Unlocking Ultrafast-Kinetics Asymmetric Heterojunction with Multi-anionic Redox Chemistry Enables High Energy/Power Density and Low-Temperature Zinc-Ion Batteries

Abstract

The development of high-performance Zn-ion batteries is hindered by sluggish reaction kinetics and inadequate redox activity in conventional vanadium-based cathodes. Herein, a thermal oxidation phase-engineering strategy is proposed to construct a comprising VSSe core and oxygen-enriched VO2 and V2O5 interfaces-phase heterojunction cathode. This unique architecture leverages a significantly increased specific surface area, which facilitates rapid electrode-electrolyte interactions and boosts pseudocapacitive contributions. This integrated structure, featuring optimized coordination environments and interfaces, promotes synergistic multi-anionic (S/Se/O) and cationic (V) redox activity and facilitates efficient charge transfer across the interfaces, overcoming intrinsic limitations of capacity and structural instability often observed in single-phase materials, especially during prolonged cycling. This optimized cathode achieves a record-high reversible capacity of 432 mAh g-1 at 1 A g-1, surpassing mild-oxidized and over-oxidized VSSe counterparts.
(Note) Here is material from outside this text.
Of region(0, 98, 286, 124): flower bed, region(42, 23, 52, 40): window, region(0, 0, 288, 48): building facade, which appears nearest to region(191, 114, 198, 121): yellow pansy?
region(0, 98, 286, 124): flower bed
Remarkably, it retains 80% capacity after 14000 cycles at 30 A g-1 under cryogenic condition of -10°C, demonstrating unprecedented low-temperature durability. The structure-function relationship of heterojunction driven by enhanced p-d orbital hybridization and spin polarization effects at the heterointerfaces, contributing to the improved redox activity and kinetics. This work establishes a design paradigm for engineering multi-phase heterojunction electrodes with tailored surface area and interfacial properties for next-generation energy storage systems.